*PROVIDED DATA*:
-------

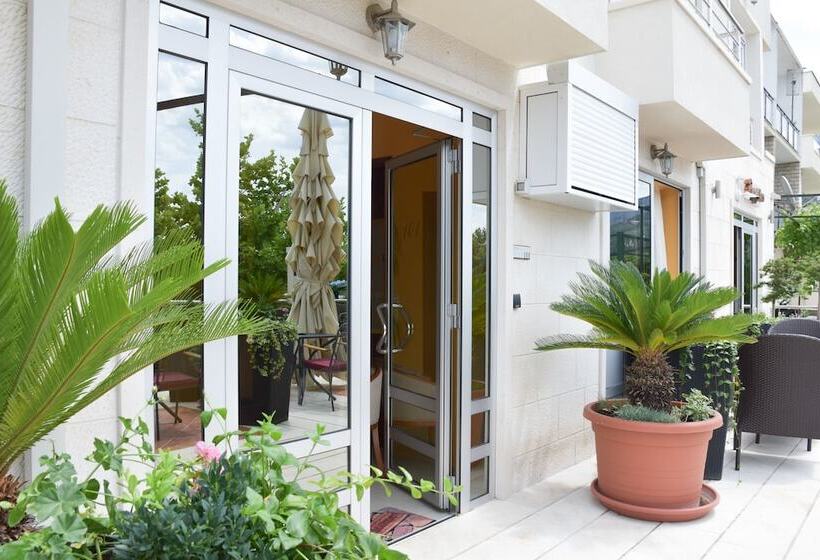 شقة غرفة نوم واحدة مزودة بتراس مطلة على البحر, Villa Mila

-------

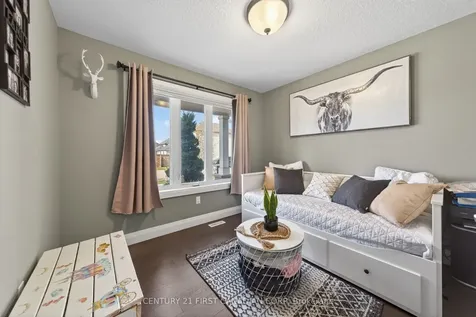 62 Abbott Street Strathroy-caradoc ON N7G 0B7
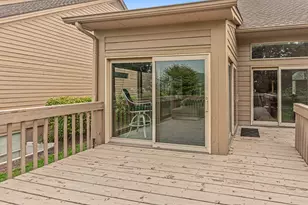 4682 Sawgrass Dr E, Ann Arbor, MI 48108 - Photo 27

-------

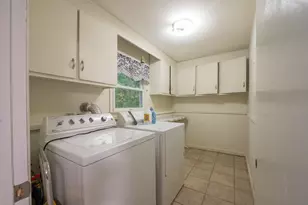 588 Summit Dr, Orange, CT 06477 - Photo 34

-------

*TASK BRIEF*:
Quote the data above exactly from the line with "62 Abbott Street" to the line with "4682 Sawgrass Dr", both ends counted, and nothing else. Pictures don't go in.

*RESPONSE AREA*:
 62 Abbott Street Strathroy-caradoc ON N7G 0B7
 4682 Sawgrass Dr E, Ann Arbor, MI 48108 - Photo 27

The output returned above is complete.